■ WHAT IS BEING ASKED ■
Here is the task for the records below: repeat exactly the lines from the one with "Credenza alta rettangolare" to the one with "Bruna Metallic Ruched Maxi Dress", both included, and nothing else.

■ EXCERPTED DATA ■
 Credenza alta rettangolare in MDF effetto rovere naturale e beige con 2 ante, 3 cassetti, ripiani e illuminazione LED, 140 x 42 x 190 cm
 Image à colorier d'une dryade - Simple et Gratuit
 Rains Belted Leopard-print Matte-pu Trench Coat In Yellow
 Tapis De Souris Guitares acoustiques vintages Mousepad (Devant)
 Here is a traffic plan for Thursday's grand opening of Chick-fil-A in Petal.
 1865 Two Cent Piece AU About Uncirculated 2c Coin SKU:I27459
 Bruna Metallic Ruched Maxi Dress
--
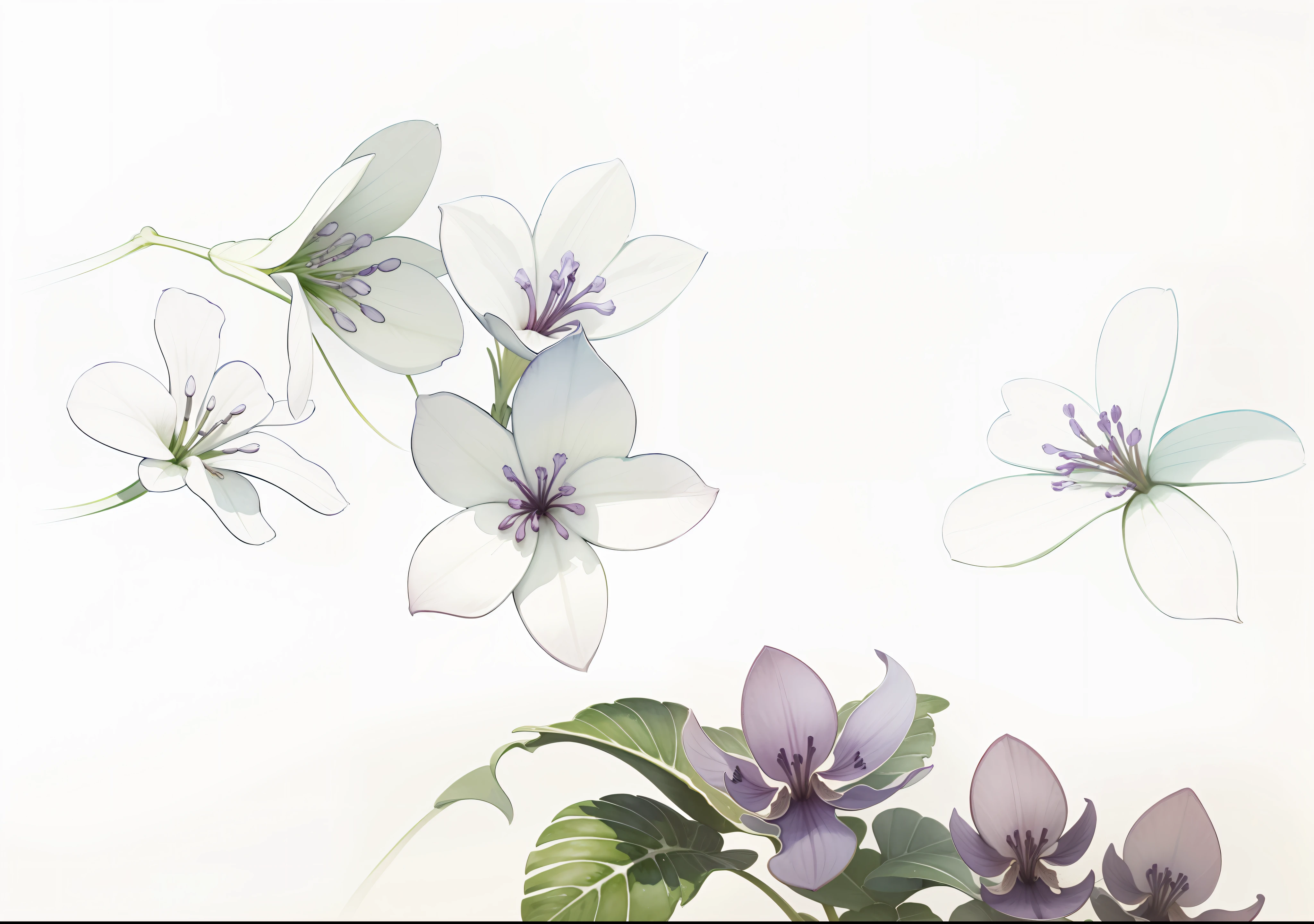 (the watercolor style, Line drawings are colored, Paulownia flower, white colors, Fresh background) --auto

■ TASK ANSWER ■
 Credenza alta rettangolare in MDF effetto rovere naturale e beige con 2 ante, 3 cassetti, ripiani e illuminazione LED, 140 x 42 x 190 cm
 Image à colorier d'une dryade - Simple et Gratuit
 Rains Belted Leopard-print Matte-pu Trench Coat In Yellow
 Tapis De Souris Guitares acoustiques vintages Mousepad (Devant)
 Here is a traffic plan for Thursday's grand opening of Chick-fil-A in Petal.
 1865 Two Cent Piece AU About Uncirculated 2c Coin SKU:I27459
 Bruna Metallic Ruched Maxi Dress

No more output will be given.